Há, então, que abordar a questão de saber se o artigo 47º, aqui sob exame, deve ser avaliado à luz da última revisão constitucional ou, antes, confrontado com o texto constitucional vigente na data em que ele produziu os seus efeitos, que era a versão original da Constituição.
Deve começar-se por ponderar que, quando estão em causa normas constitucionais de competência, de forma ou de procedimento (ou seja: questões de inconstitucionalidade orgânica ou formal), o princípio a observar é o do tempus regit actus, segundo o qual a competência e a forma dos actos normativos devem aferir-se pelas normas constitucionais vigentes no momento da sua produção.

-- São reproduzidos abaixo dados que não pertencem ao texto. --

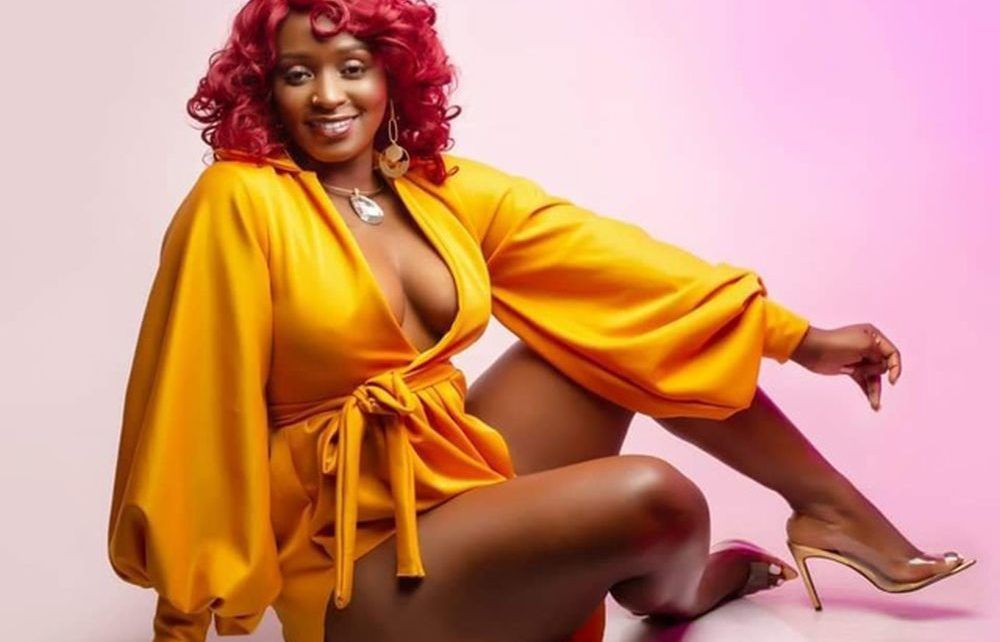 Winnie Nwagi Renews Contract with Swangz Avenue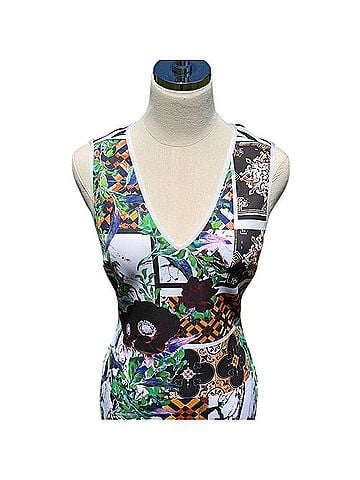 Clover Canyon Clover Canyon Casual Dress (view 2)
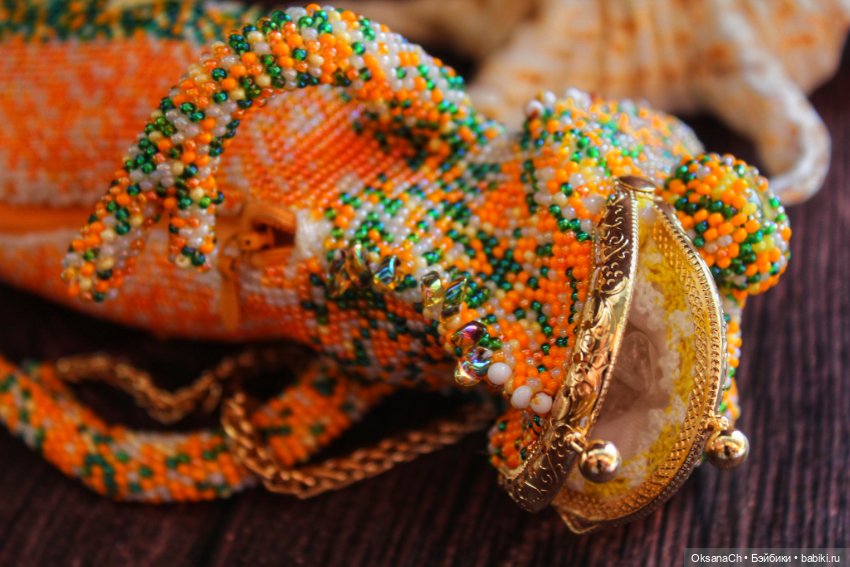 Есть песня "Вова-чума", а у меня сумка (фото 3)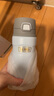 膳魔師（THERMOS）保溫杯戶外露營旅行便攜燜燒罐大容量保溫瓶大肚壺TSK2 迷霧藍(lán) 500ml 保溫杯 曬單實拍圖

E que, quando se trata de apurar a existência de contradição entre o conteúdo de uma norma de direito ordinário e o conteúdo normativo da Constituição (é dizer: quando tem que decidir-se uma questão de inconstitucionalidade material) - e isso é o que sucede no caso -, as normas ou princípios constitucionais a ter em conta são as que estiverem em vigor no momento em que esse confronto houver de ser feito: há-de atender-se, designadamente, às normas e princípios constitucionais resultantes de uma revisão constitucional posterior a essas normas infraconstitucionais, as quais, por virtude dessa mesma revisão, podem tornar-se supervenientemente inconstitucionais [ cf. o acórdão n.º 468/89
(publicado no Diário da República,. II série, de 30 de Janeiro de 1990)] . Isto, porém, não resolve a questão de saber se, para ajuizar da constitucionalidade do mencionado artigo 47º, deve ele, no presente caso, ser confrontado com as normas constitucionais resultantes da revisão de 1997, se com as do texto constitucional original, que eram as que estavam em vigor no momento em que ele produziu os seus efeitos. Como decorre do que preceitua o artigo
282º, n.º 2, da Constituição, a inconstitucionalização superveniente de uma norma infraconstitucional como consequência de uma revisão constitucional posteriormente ocorrida, que tenha introduzido norma ou princípio com que aquela
é incompatível, só opera para o futuro (ex nunc), e não para o passado (ex tunc). E, por isso, tal norma de direito ordinário só passa a ser inconstitucional a partir da revisão constitucional que acarrete a sua inconstitucionalização [ cf. J.J. GOMES CANOTILHO e VITAL MOREIRA (Constituição da República Portuguesa Anotada, 3ª edição, 1993, página 995)] .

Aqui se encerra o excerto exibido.